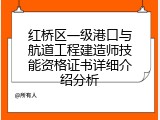 红桥区一级港口与航道工程建造师技能资格证书详细介绍分析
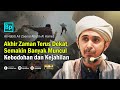 Akhir Zaman Semakin Dekat, Semakin Banyak Keb0dohan & Kejahilan | Habib Ali Zaenal Abidin Al Hamid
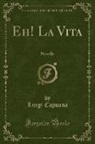 Luigi Capuana - Eh! La Vita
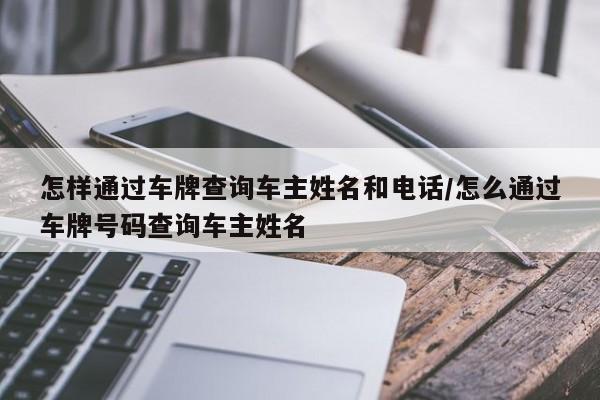 怎样通过车牌查询车主姓名和电话/怎么通过车牌号码查询车主姓名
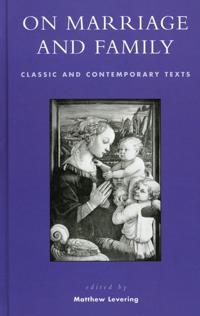 On Marriage and Family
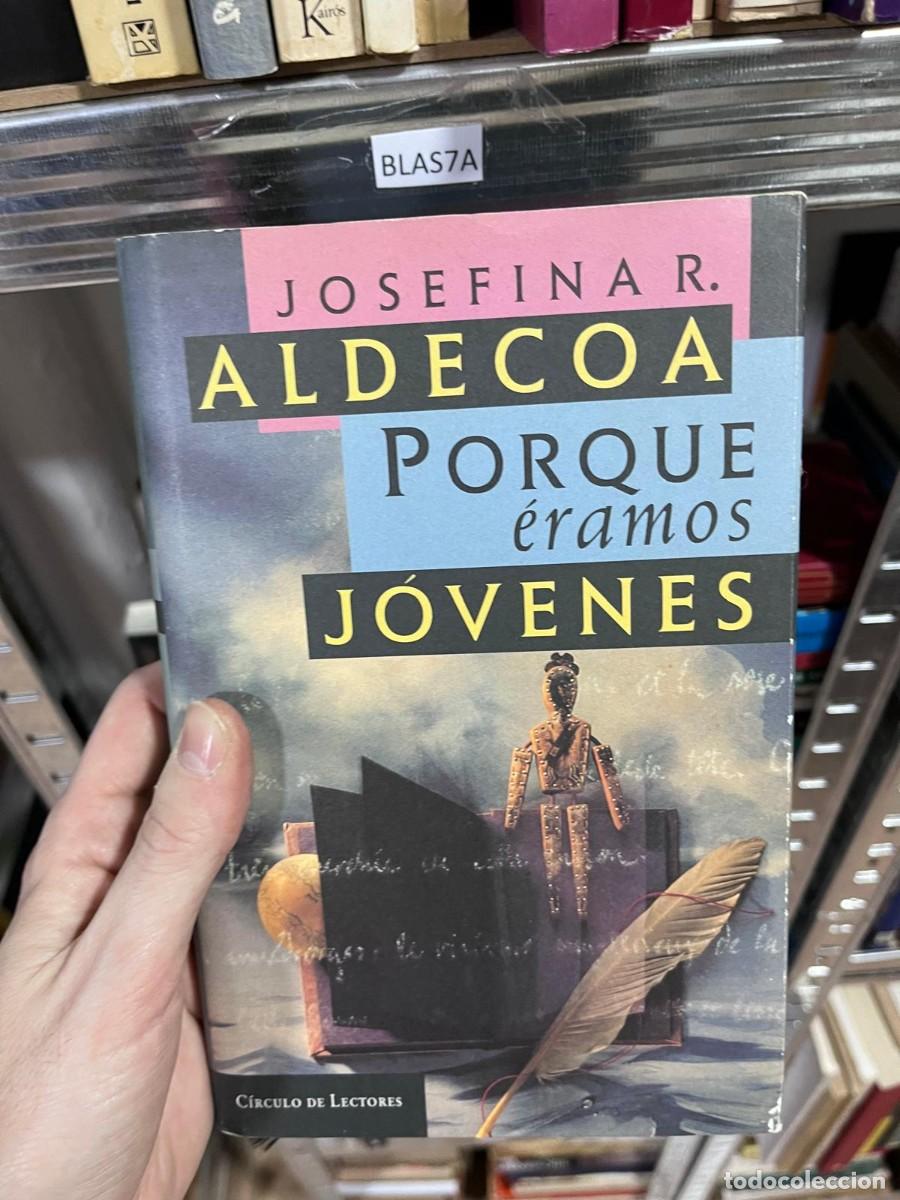 Libros de segunda mano: BLAS7A JOSEFINA R. ALDECOA PORQUE &eacute;ramos J&Oacute;VENES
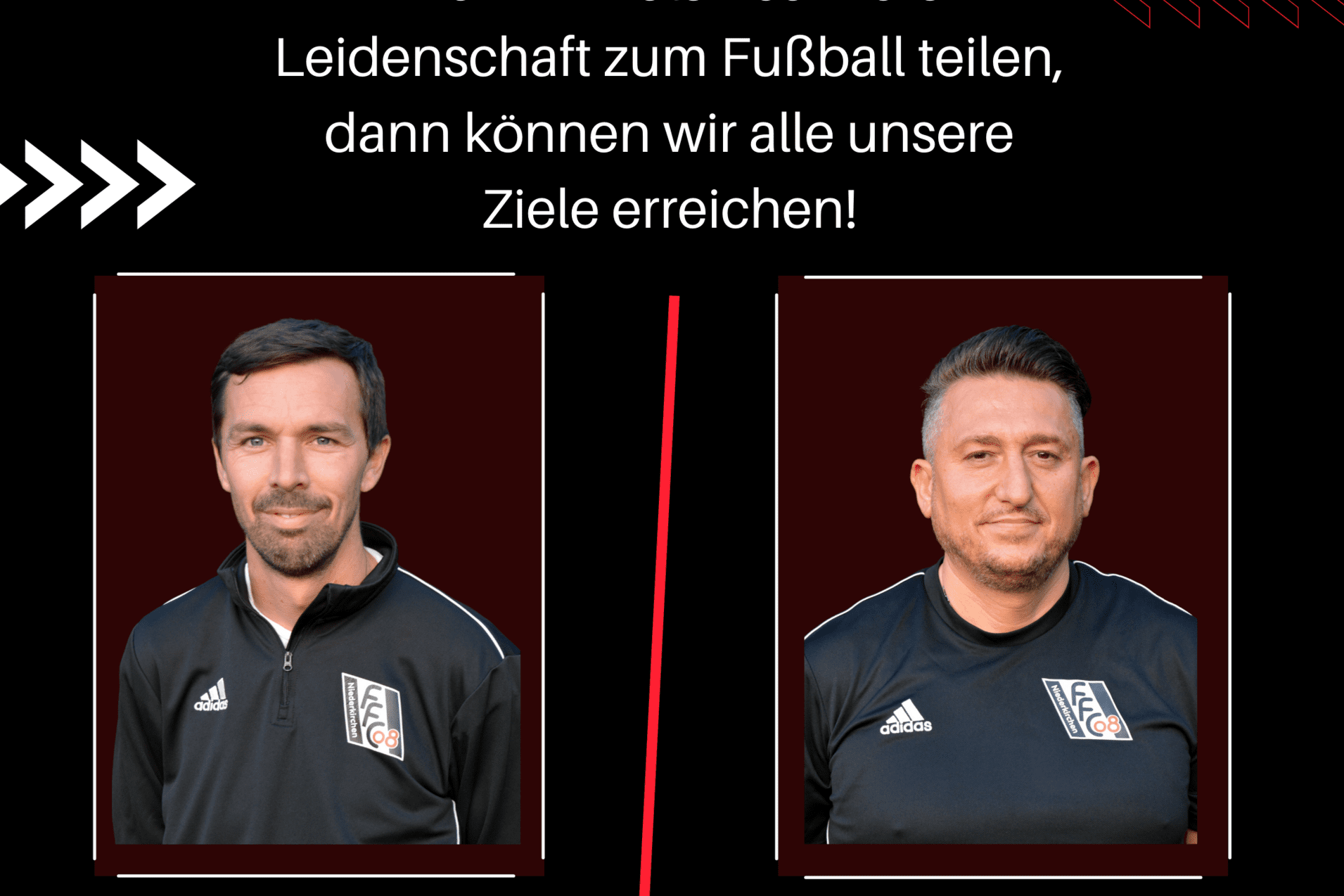 Portr&auml;t von Andreas Hack und Sahin Yildirim, neuen Trainern des 1. FFC Niederkirchen, mit motivierendem Zitat.
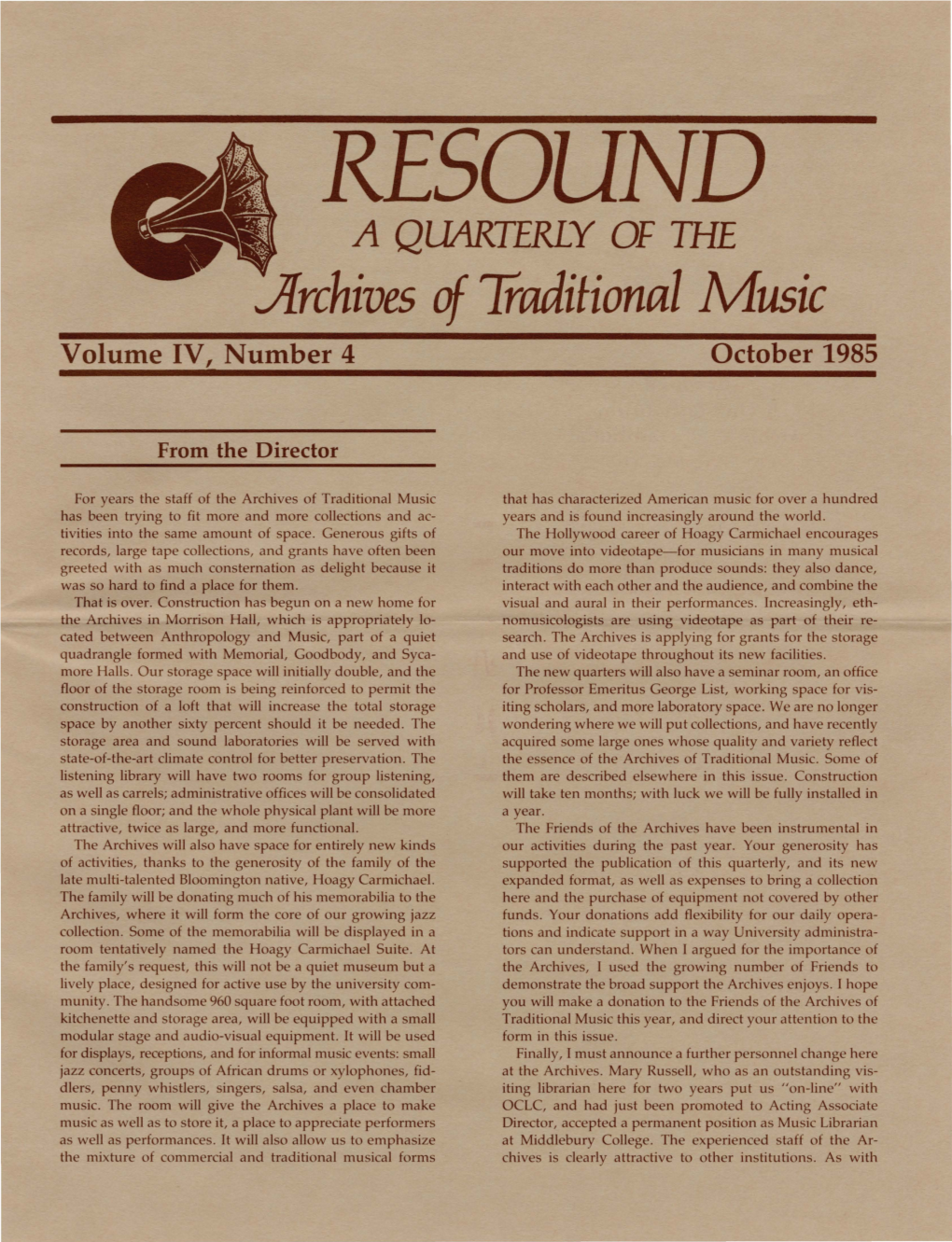RESOUND a QUARTERLY of the Archives of Traditional Music Volume IV, Number 4 October 1985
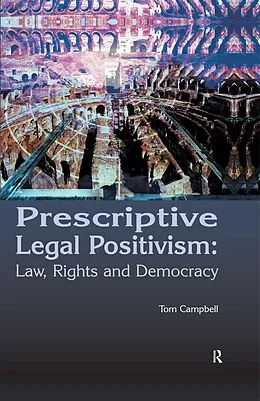 E-Book (pdf) Prescriptive Legal Positivism von Tom Campbell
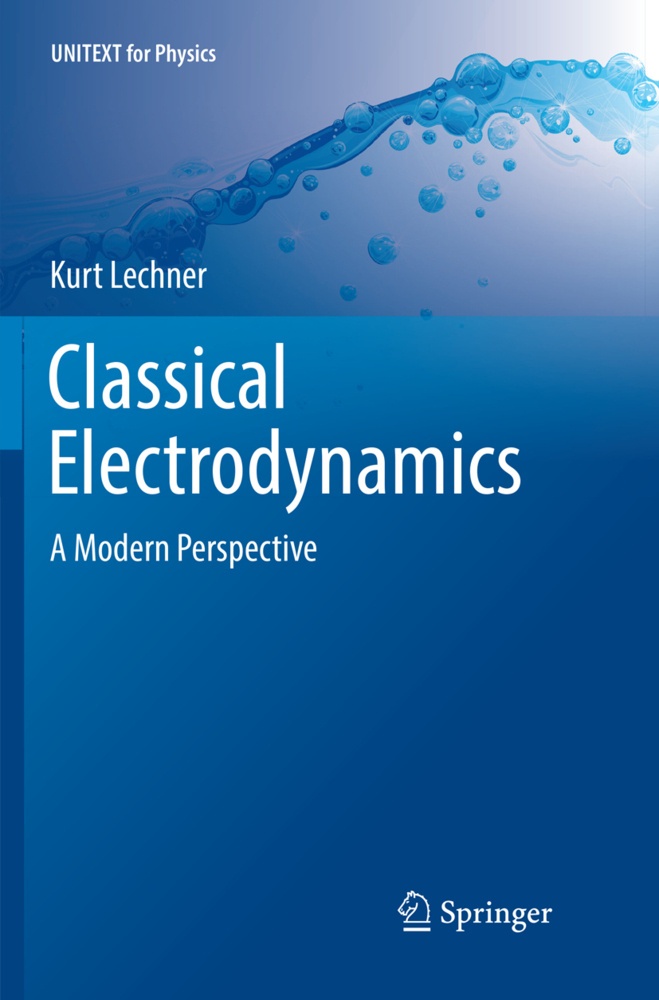 Classical Electrodynamics - Kurt Lechner  Kartoniert (TB)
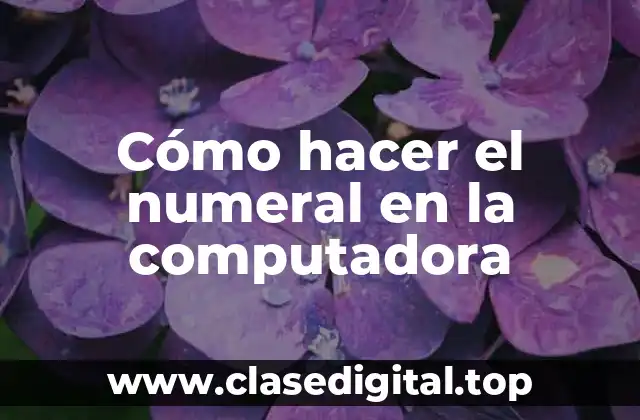 Cómo hacer el numeral en la computadora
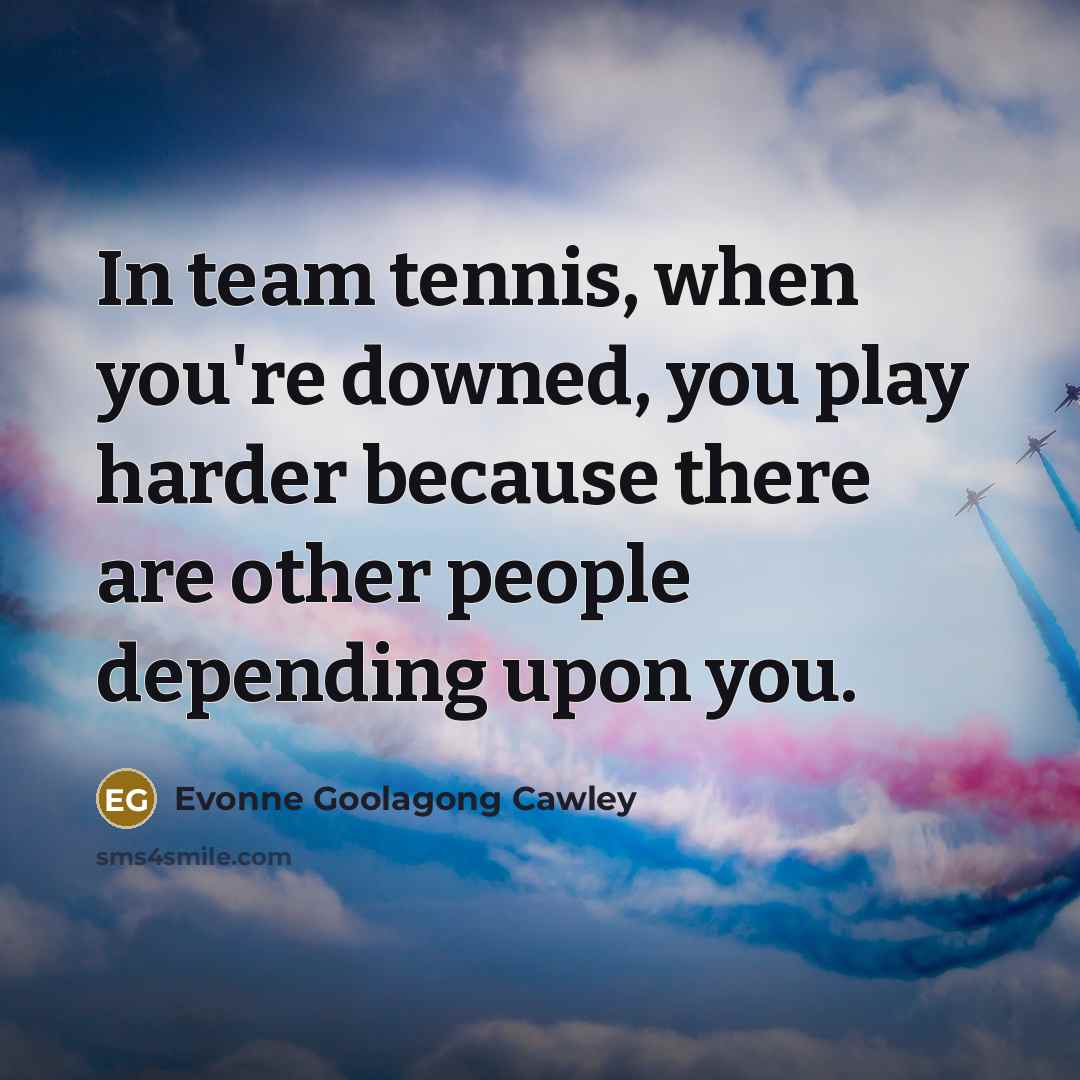 “In team tennis, when you're downed, you play harder because…” quote by Evonne Goolagong Cawley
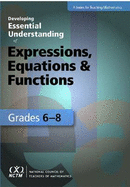 Developing Essential Understanding of Expressions, Equations, and Functions for Teaching Mathematics in Grades 6-8 - Lloyd, Gwendolyn M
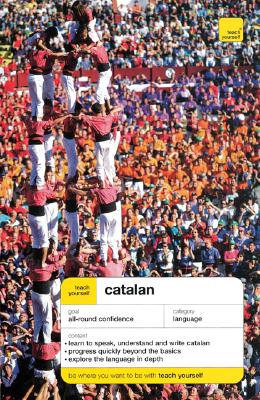 Teach Yourself Catalan Complete Course (Book Only - Yates, Allan, and Poch, Anna, and Yates, Alan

+---+

*Try it*: Please output all of the data exactly as given, omitting any images it holds.

*Result of the task*:
 红桥区一级港口与航道工程建造师技能资格证书详细介绍分析
 Akhir Zaman Semakin Dekat, Semakin Banyak Keb0dohan & Kejahilan | Habib Ali Zaenal Abidin Al Hamid
 Luigi Capuana - Eh! La Vita
 怎样通过车牌查询车主姓名和电话/怎么通过车牌号码查询车主姓名
 On Marriage and Family
 Libros de segunda mano: BLAS7A JOSEFINA R. ALDECOA PORQUE &eacute;ramos J&Oacute;VENES
 Portr&auml;t von Andreas Hack und Sahin Yildirim, neuen Trainern des 1. FFC Niederkirchen, mit motivierendem Zitat.
RESOUND a QUARTERLY of the Archives of Traditional Music Volume IV, Number 4 October 1985
 E-Book (pdf) Prescriptive Legal Positivism von Tom Campbell
 Classical Electrodynamics - Kurt Lechner  Kartoniert (TB)
 Cómo hacer el numeral en la computadora
 “In team tennis, when you're downed, you play harder because…” quote by Evonne Goolagong Cawley
 Developing Essential Understanding of Expressions, Equations, and Functions for Teaching Mathematics in Grades 6-8 - Lloyd, Gwendolyn M
 Teach Yourself Catalan Complete Course (Book Only - Yates, Allan, and Poch, Anna, and Yates, Alan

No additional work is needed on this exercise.